#### YOUR INSTRUCTIONS
Every line of the listing below from the one with "American flag blue and orange design" up to and including the one with "925 Sterling Silver" should be retyped exactly, and nothing else; pictures are not part of the copy.

══ RAW DATA

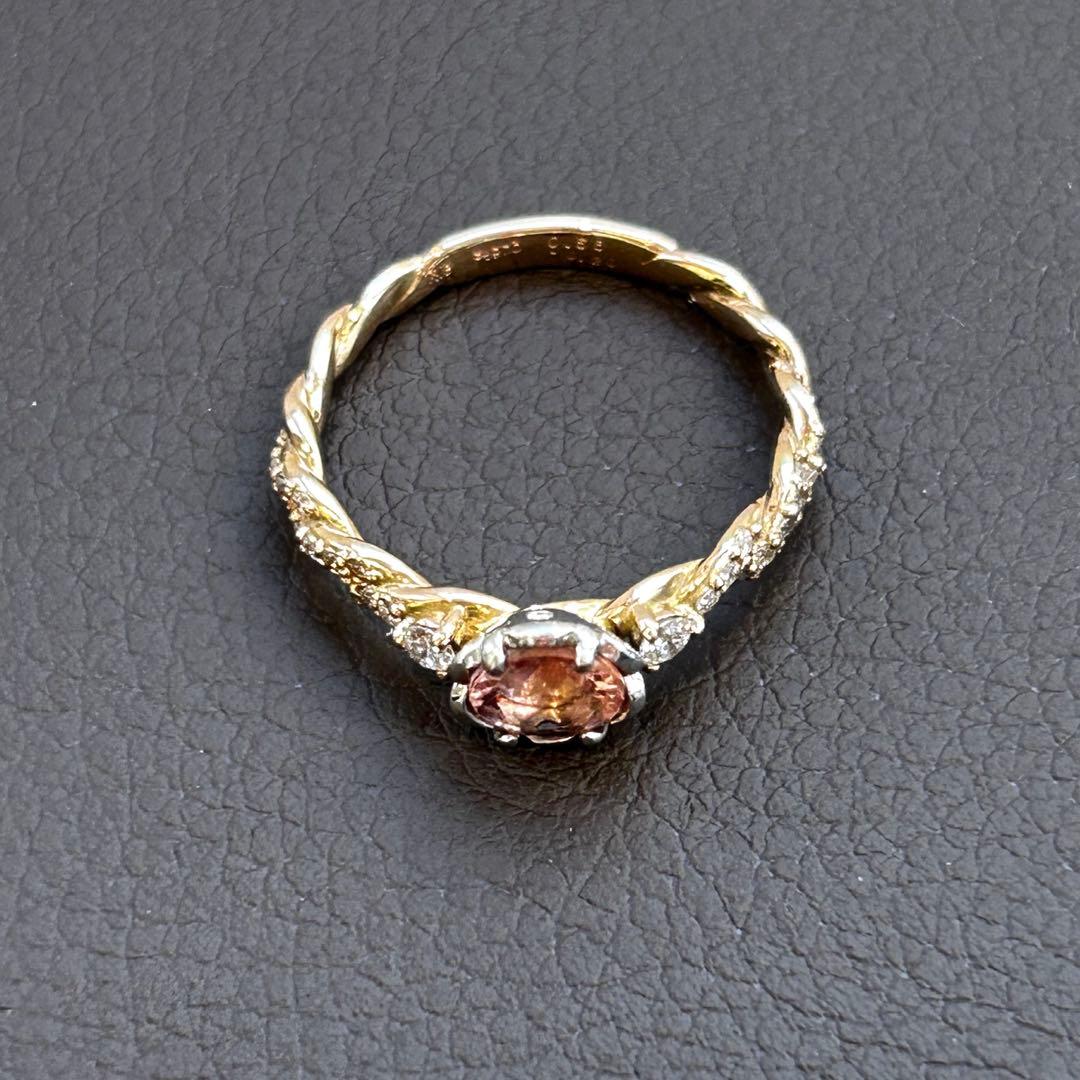 インペリアルトパーズ ダイヤモンド　プラチナ K18 コンビリング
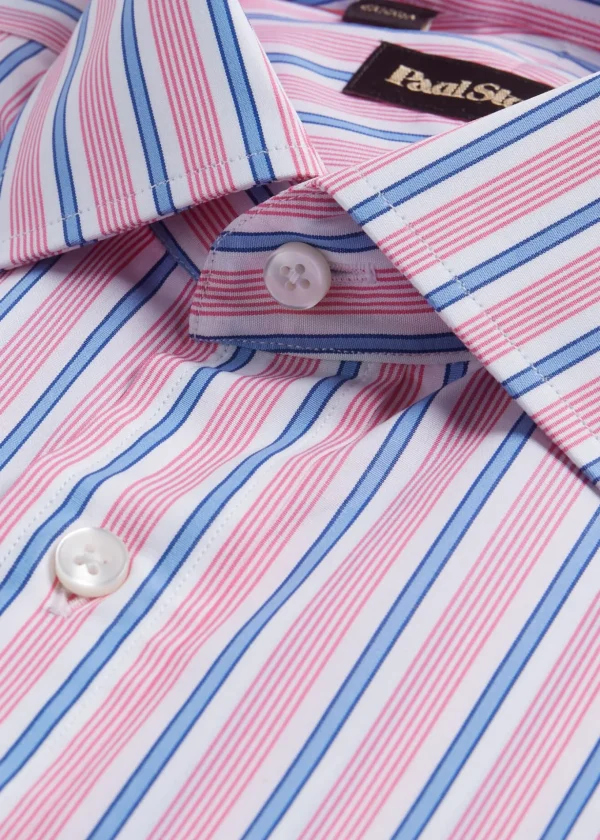 Variegated Stripe Cotton Dress Shirt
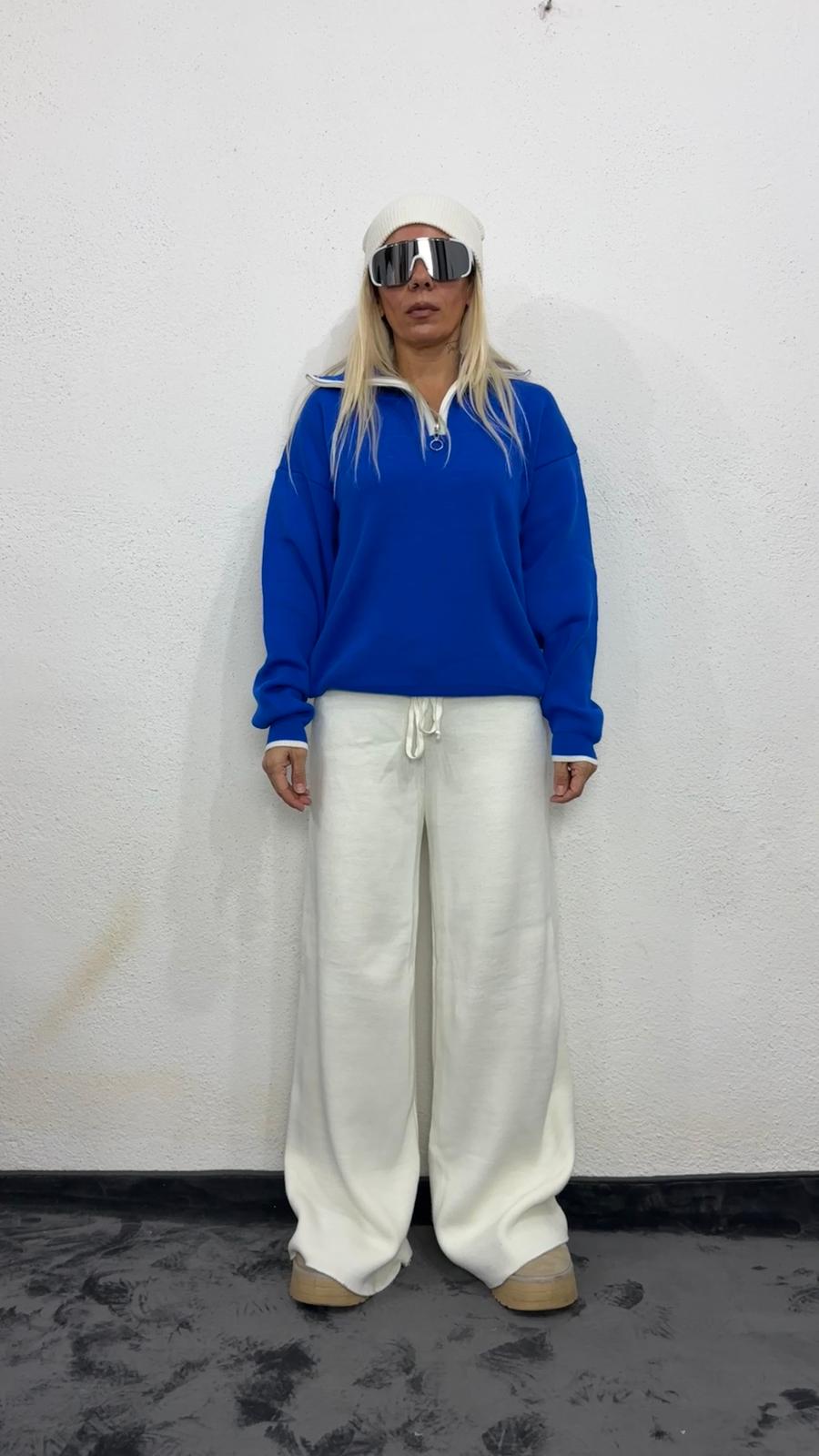 Oversize Begi Sax Mavisi Fermuar Yaka Boğazlı Triko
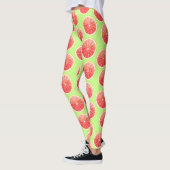 Pink Grapefruit Slices Pattern Leggings (Links)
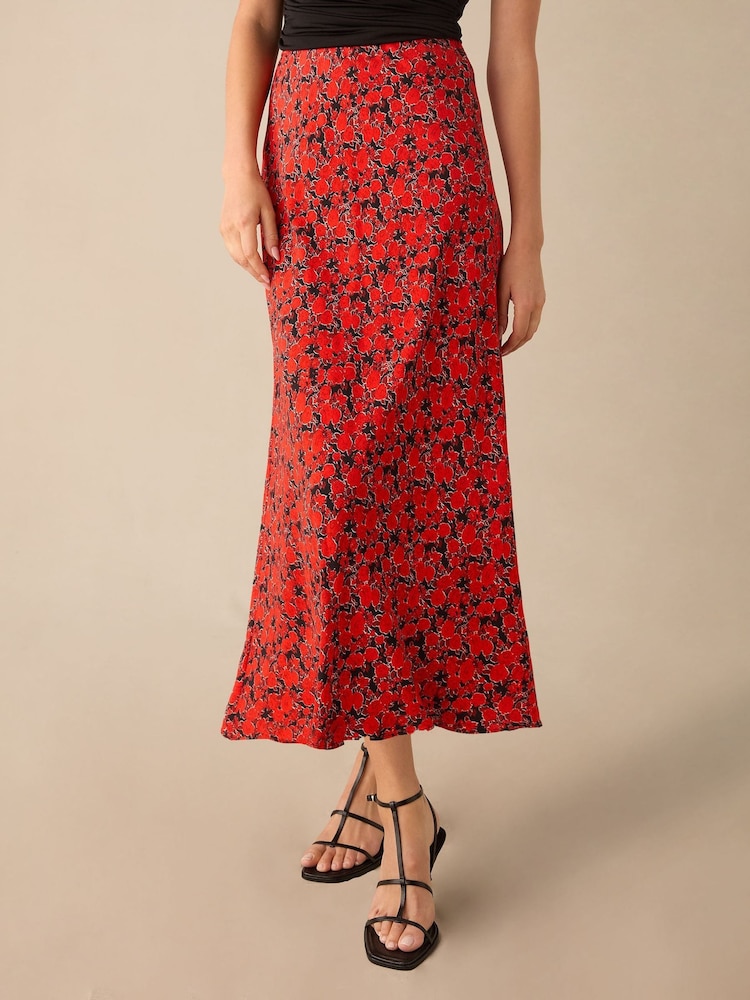 Ro&Zo Red Petite Blurred Flroal Print Bias Cut Maxi Skirt - Image 2 of 3
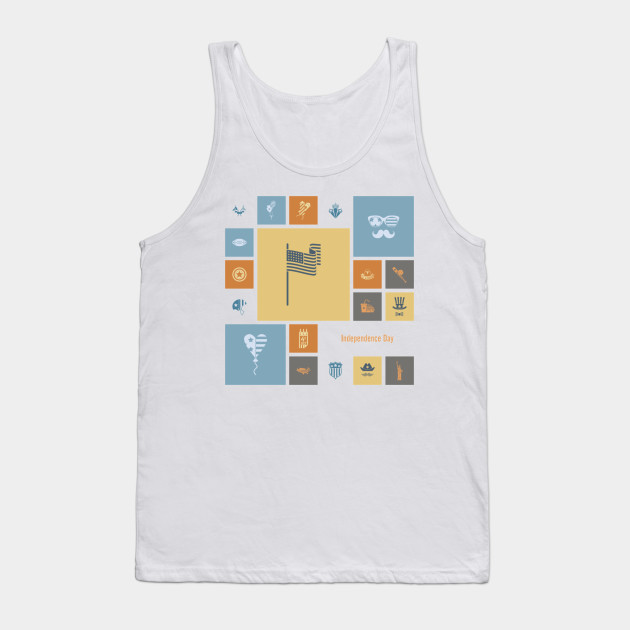 American flag blue and orange design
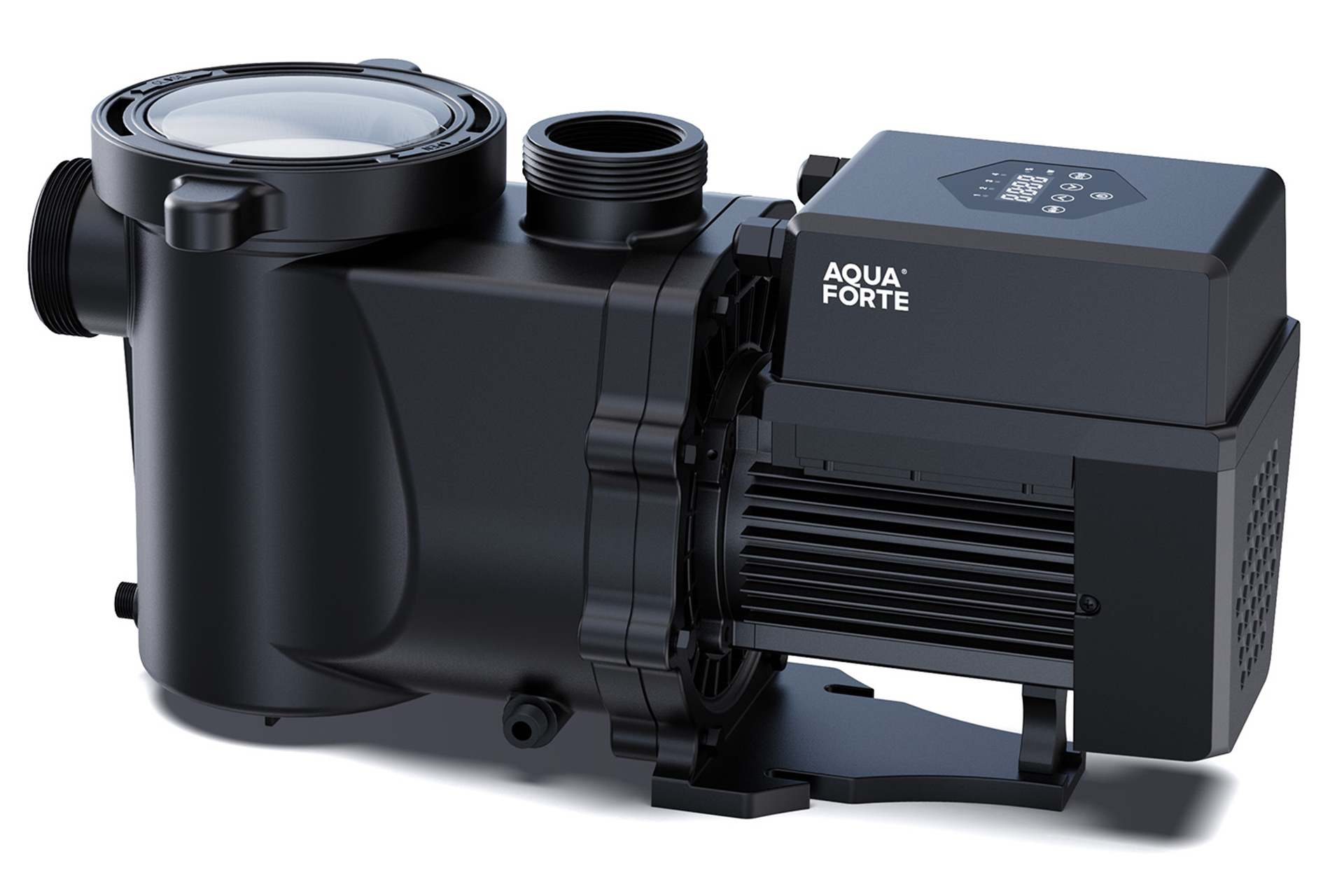 Zodiac InverGreen Eco IVS Poolpumpe, schwarzes Gehäuse mit transparentem Deckel und digitalem Display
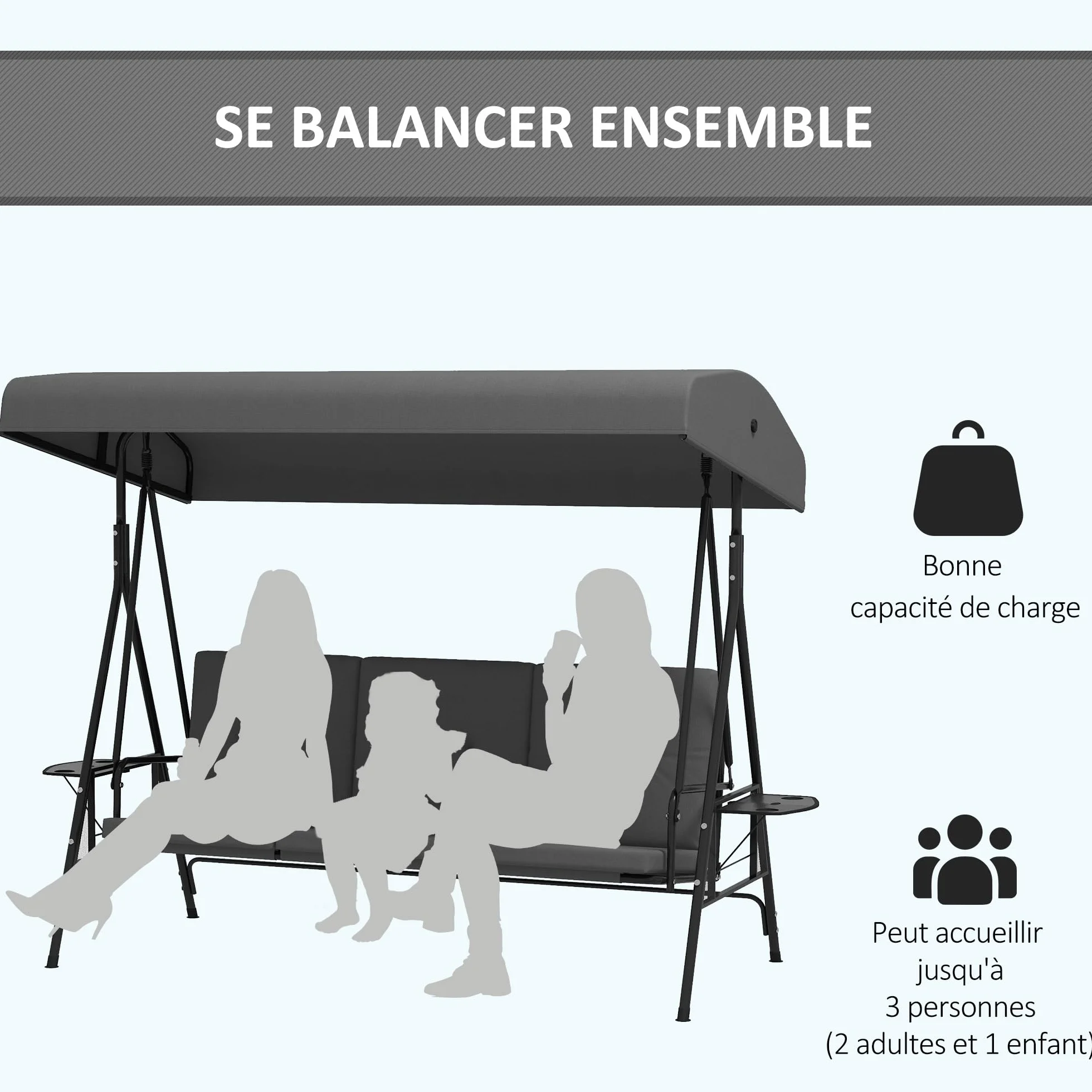Columpio de jardín Outsunny 3 plazas Techo Alto Confort Regulable, 2 estantes Laterales, Cojines, Acero poliéster Gris Oscuro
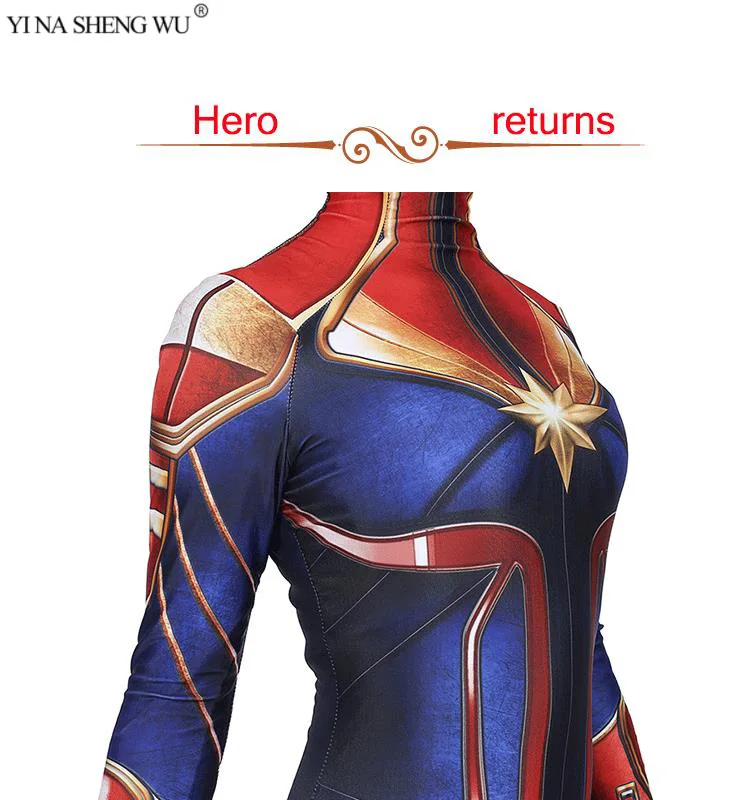 Чудо-Женщина 3D Женщины Девушки фильм версия Марвел Капитан Carol Danvers костюм зентай для косплея боди супергероя костюм комбинезоны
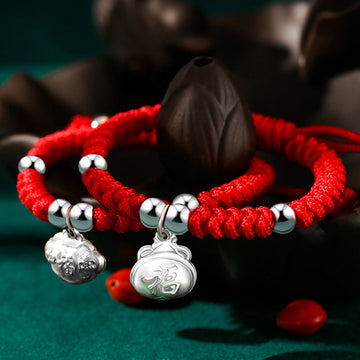 925 Sterling Silver Handmade Fu Character Lucky Money Bag Chinese Lock Charm Bell Lotus Copper Coin King Kong Knot Braided Kids Bracelet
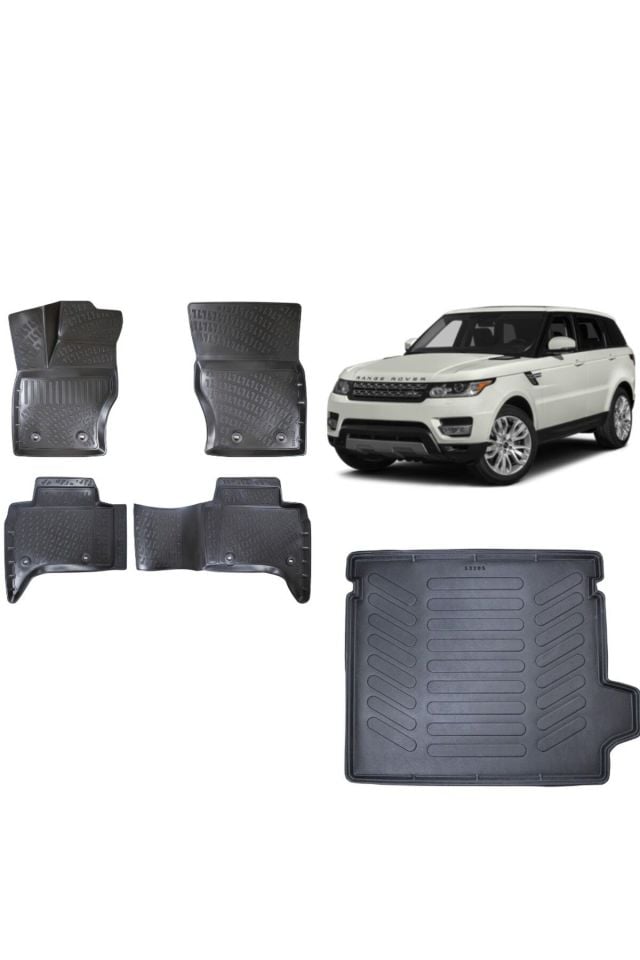 Land Rover Range Rover Sport 2013-2018 Arası 3D Bagaj Havuzu+3D Havuzlu Araca Özel Paspas Takımı
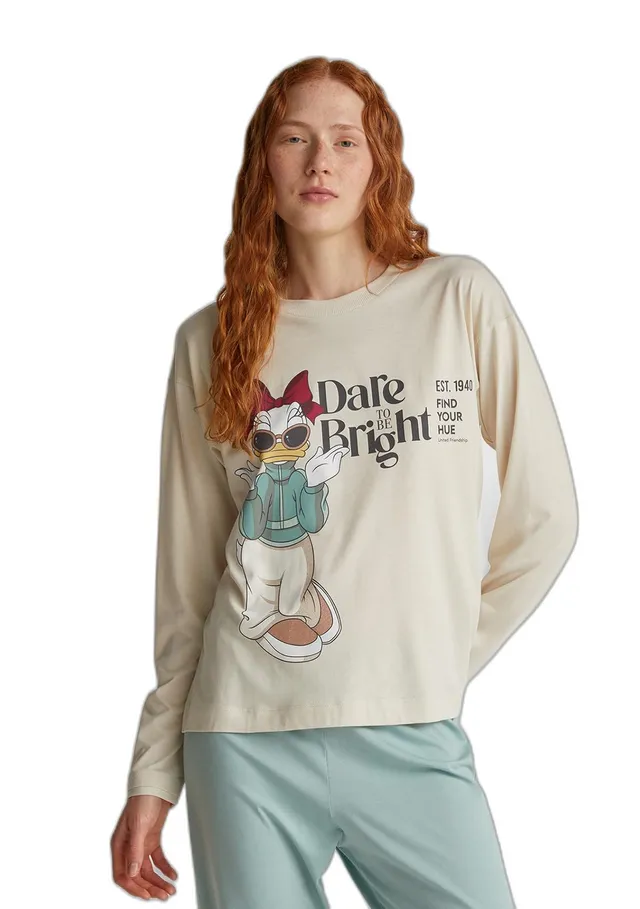 Benetton Maglia Pigiama Donna Cotone Beige Taglia M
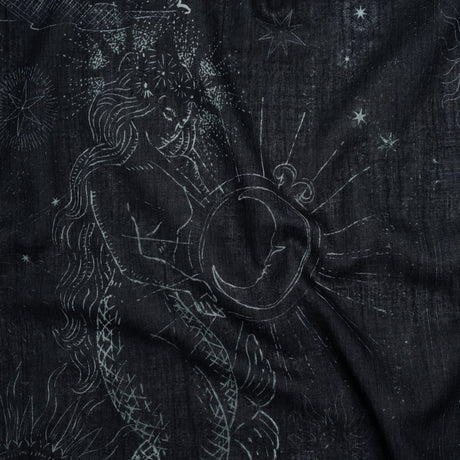 Crinkled Cotton Gauzy Woven - Midnight Blue and White Celestial Motifs - Mood Exclusive Moonlit Tides Print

════

#### ANSWER SECTION
 American flag blue and orange design
 Zodiac InverGreen Eco IVS Poolpumpe, schwarzes Gehäuse mit transparentem Deckel und digitalem Display
Columpio de jardín Outsunny 3 plazas Techo Alto Confort Regulable, 2 estantes Laterales, Cojines, Acero poliéster Gris Oscuro
 Чудо-Женщина 3D Женщины Девушки фильм версия Марвел Капитан Carol Danvers костюм зентай для косплея боди супергероя костюм комбинезоны
 925 Sterling Silver Handmade Fu Character Lucky Money Bag Chinese Lock Charm Bell Lotus Copper Coin King Kong Knot Braided Kids Bracelet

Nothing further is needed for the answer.